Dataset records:

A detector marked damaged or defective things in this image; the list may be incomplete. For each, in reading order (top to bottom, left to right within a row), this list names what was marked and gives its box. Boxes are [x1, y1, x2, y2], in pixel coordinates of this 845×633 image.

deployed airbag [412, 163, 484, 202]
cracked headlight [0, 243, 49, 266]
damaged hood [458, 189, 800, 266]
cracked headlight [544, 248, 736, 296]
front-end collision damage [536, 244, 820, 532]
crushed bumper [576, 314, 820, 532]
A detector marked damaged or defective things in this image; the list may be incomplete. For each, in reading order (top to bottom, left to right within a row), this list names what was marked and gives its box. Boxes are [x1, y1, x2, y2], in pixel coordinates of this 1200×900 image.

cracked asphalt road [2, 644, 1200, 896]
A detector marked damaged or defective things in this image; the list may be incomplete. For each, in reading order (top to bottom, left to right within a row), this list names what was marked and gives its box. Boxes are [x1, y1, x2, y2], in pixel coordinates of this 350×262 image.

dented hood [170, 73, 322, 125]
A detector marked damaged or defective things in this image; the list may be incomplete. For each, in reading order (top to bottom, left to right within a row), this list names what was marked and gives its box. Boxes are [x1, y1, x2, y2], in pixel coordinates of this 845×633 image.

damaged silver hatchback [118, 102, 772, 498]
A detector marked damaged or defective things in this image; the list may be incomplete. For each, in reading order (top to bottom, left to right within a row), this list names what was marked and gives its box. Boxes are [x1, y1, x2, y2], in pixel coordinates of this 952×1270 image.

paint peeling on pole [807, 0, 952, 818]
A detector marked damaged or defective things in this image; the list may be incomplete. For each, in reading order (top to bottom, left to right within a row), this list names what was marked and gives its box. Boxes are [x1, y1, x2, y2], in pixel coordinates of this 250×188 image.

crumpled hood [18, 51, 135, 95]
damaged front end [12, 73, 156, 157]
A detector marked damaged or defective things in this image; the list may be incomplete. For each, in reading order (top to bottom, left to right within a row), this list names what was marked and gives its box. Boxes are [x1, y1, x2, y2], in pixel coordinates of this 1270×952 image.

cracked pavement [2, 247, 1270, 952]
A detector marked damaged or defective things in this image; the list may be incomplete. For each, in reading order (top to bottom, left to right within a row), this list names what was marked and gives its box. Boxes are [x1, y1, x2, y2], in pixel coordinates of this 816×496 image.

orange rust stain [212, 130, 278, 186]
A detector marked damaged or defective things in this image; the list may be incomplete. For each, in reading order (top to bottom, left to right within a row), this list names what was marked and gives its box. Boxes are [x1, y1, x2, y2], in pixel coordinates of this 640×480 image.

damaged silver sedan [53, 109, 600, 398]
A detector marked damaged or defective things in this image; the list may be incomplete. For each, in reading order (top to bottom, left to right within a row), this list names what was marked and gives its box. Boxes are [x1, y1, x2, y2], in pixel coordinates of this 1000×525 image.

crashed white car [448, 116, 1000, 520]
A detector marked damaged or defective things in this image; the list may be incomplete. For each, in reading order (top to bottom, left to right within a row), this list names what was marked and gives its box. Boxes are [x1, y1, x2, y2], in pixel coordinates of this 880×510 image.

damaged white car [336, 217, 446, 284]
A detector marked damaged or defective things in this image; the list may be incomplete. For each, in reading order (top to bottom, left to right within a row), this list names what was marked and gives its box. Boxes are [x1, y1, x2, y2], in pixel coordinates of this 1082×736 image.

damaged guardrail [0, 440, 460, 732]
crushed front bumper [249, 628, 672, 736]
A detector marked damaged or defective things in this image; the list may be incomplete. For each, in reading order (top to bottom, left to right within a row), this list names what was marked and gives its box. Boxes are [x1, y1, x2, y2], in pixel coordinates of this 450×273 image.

* **WORK REQUIRED**
Each entry should be retyped exactly as given.

* **TASK RESULT**
A detector marked damaged or defective things in this image; the list may be incomplete. For each, in reading order (top to bottom, left to right within a row), this list names what was marked and gives its box. Boxes are [x1, y1, x2, y2], in pixel coordinates of this 845×633 image.

deployed airbag [412, 163, 484, 202]
cracked headlight [0, 243, 49, 266]
damaged hood [458, 189, 800, 266]
cracked headlight [544, 248, 736, 296]
front-end collision damage [536, 244, 820, 532]
crushed bumper [576, 314, 820, 532]
A detector marked damaged or defective things in this image; the list may be incomplete. For each, in reading order (top to bottom, left to right within a row), this list names what was marked and gives its box. Boxes are [x1, y1, x2, y2], in pixel coordinates of this 1200×900 image.

cracked asphalt road [2, 644, 1200, 896]
A detector marked damaged or defective things in this image; the list may be incomplete. For each, in reading order (top to bottom, left to right within a row), this list names what was marked and gives its box. Boxes are [x1, y1, x2, y2], in pixel coordinates of this 350×262 image.

dented hood [170, 73, 322, 125]
A detector marked damaged or defective things in this image; the list may be incomplete. For each, in reading order (top to bottom, left to right within a row), this list names what was marked and gives its box. Boxes are [x1, y1, x2, y2], in pixel coordinates of this 845×633 image.

damaged silver hatchback [118, 102, 772, 498]
A detector marked damaged or defective things in this image; the list may be incomplete. For each, in reading order (top to bottom, left to right within a row), this list names what was marked and gives its box. Boxes are [x1, y1, x2, y2], in pixel coordinates of this 952×1270 image.

paint peeling on pole [807, 0, 952, 818]
A detector marked damaged or defective things in this image; the list may be incomplete. For each, in reading order (top to bottom, left to right within a row), this list names what was marked and gives its box. Boxes are [x1, y1, x2, y2], in pixel coordinates of this 250×188 image.

crumpled hood [18, 51, 135, 95]
damaged front end [12, 73, 156, 157]
A detector marked damaged or defective things in this image; the list may be incomplete. For each, in reading order (top to bottom, left to right within a row), this list names what was marked and gives its box. Boxes are [x1, y1, x2, y2], in pixel coordinates of this 1270×952 image.

cracked pavement [2, 247, 1270, 952]
A detector marked damaged or defective things in this image; the list may be incomplete. For each, in reading order (top to bottom, left to right within a row), this list names what was marked and gives its box. Boxes are [x1, y1, x2, y2], in pixel coordinates of this 816×496 image.

orange rust stain [212, 130, 278, 186]
A detector marked damaged or defective things in this image; the list may be incomplete. For each, in reading order (top to bottom, left to right within a row), this list names what was marked and gives its box. Boxes are [x1, y1, x2, y2], in pixel coordinates of this 640×480 image.

damaged silver sedan [53, 109, 600, 398]
A detector marked damaged or defective things in this image; the list may be incomplete. For each, in reading order (top to bottom, left to right within a row), this list names what was marked and gives its box. Boxes are [x1, y1, x2, y2], in pixel coordinates of this 1000×525 image.

crashed white car [448, 116, 1000, 520]
A detector marked damaged or defective things in this image; the list may be incomplete. For each, in reading order (top to bottom, left to right within a row), this list names what was marked and gives its box. Boxes are [x1, y1, x2, y2], in pixel coordinates of this 880×510 image.

damaged white car [336, 217, 446, 284]
A detector marked damaged or defective things in this image; the list may be incomplete. For each, in reading order (top to bottom, left to right within a row), this list names what was marked and gives its box. Boxes are [x1, y1, x2, y2], in pixel coordinates of this 1082×736 image.

damaged guardrail [0, 440, 460, 732]
crushed front bumper [249, 628, 672, 736]
A detector marked damaged or defective things in this image; the list may be incomplete. For each, in reading order (top to bottom, left to right within a row), this list names what was marked and gives its box. Boxes are [x1, y1, x2, y2], in pixel coordinates of this 450×273 image.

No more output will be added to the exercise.